First, let's talk about what each pin does:

Pin 1: PROC_PWR_EN

Processor Power Enable is a signal which is passed up and down the smôl stack. It is connected to the enable pin of the 3.3V voltage regulator on the processor board. If PROC_PWR_EN is pulled high, or is left floating, the processor board voltage regulator will be enabled and will generate 3.3V from USB-C.

When you connect a Power Board to your smôl stack, PROC_PWR_EN allows the power board to disable the regulator on the processor board. The power board is then responsible for generating the 3.3V power rail for the entire smôl stack. We do this for two reasons: to prevent the power board and processor board regulators from fighting each other; and to allow the power board to power down the entire smôl stack even if USB is connected.

One of the clever features of smôl is that the power boards can be instructed to power down the whole stack for a pre-defined duration. Power down durations of a few 10's of milliseconds to several days are possible. During power down the only device left running is the ATtiny processor on the power board, which typically consumes less than 10 microamps. PROC_PWR_EN allows smôl to avoid the quiescent current normally drawn by the processor regulator.

Pins 2 and 15: 3.3V Power

Pins 2 and 15 carry 3.3V power up and down the smôl stack. 3.3V can be generated by a processor board, powered by USB-C. Or, 3.3V power can be generated by one of our power boards.

As described above, the power board can disable the regulator on the processor board via the PROC_PWR_EN pin, avoiding the associated quiescent current draw.

Pins 3 and 14: GND

Pins 3 and 14 are the smôl Power Ground or 0V pins.

You will note that the highest speed smôl signals (SPI SCLK and I2C SCL) are run adjacent to the GND connections to minimize EMI.

Pins 4-6: SPI SCLK, COPI and CIPO

Pins 4-6 carry the clock and data signals for the Serial Peripheral Interface (SPI).

The Processor Board is the SPI Controller and can communicate with smôl Peripheral boards at high data rates.
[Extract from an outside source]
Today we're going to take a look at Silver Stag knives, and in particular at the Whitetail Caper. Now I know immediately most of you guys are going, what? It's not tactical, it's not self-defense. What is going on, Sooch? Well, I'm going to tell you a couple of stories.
SPI devices share common clock and data signals but require an individual Chip Select signal. The smôl Chip Select signals are described in the next paragraph.

Pins 7-9: SPI CS0, CS1 and CS2

Pins 7-9 are the smôl SPI Chip Select signals and allow up to three SPI Peripheral Boards to be connected into your smôl stack.
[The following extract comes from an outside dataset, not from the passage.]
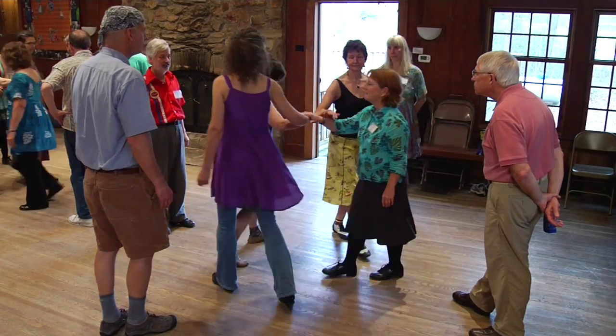Four ladies, make a right hand star, go all the way around. It's not a chain, just go all the way around.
We use a technique called waterfalling when linking the chip select lines from one smôl board to the next. There is a full description of this in the SPI Chip Select Waterfalling section of this guide.
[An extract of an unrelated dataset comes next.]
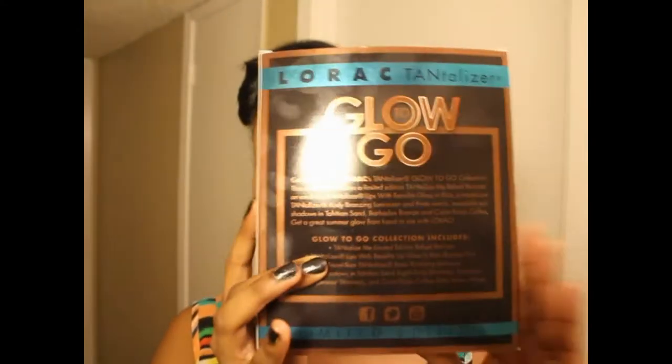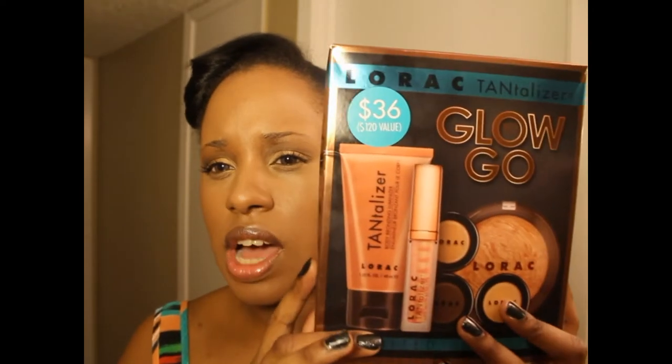Hey y'all, it's Fabgen. I'm back — I'm trying to do this video real quick because I have a very active two-year-old. Let me tell you what I'm reviewing: it's the Lorac Tantalizing Glow To Go kit. This is what the kit looks like, this is what the back looks like. Very generous sizes in here — they're not even really samples, they're actually full-size products. It's $36 but I got it for about $28 because there was a sale at beauty.com, though that sale is likely over by the time this video is uploaded.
If your favorite 3.3V SPI breakout board is not yet available in smôl format, you can connect it via the breakout pins on the smôl Header.

Pins 10 and 11: GPIO0 and GPIO1

Pins 10 and 11 carry two General Purpose Input / Output signals: GPIO0 and GPIO1. These are typically used as power control signals to power down individual Peripheral Boards, again to allow the current draw to be minimized as much as possible.

Just like the SPI Chip Select signals, GPIO0 and GPIO1 are also waterfalled. If a Peripheral Board uses GPIO0, then GPIO1 is waterfalled onto GPIO0 of the board's OUT connector. Please see the full description of this in the GPIO Waterfalling section of this guide.

Pins 12 and 13: I2C SDA and SCL

Pins 12 and 13 carry the data and clock signals for Inter-Integrated Circuit (I2C) communication.

Multiple I2C boards can be connected to smôl provided each has a unique address.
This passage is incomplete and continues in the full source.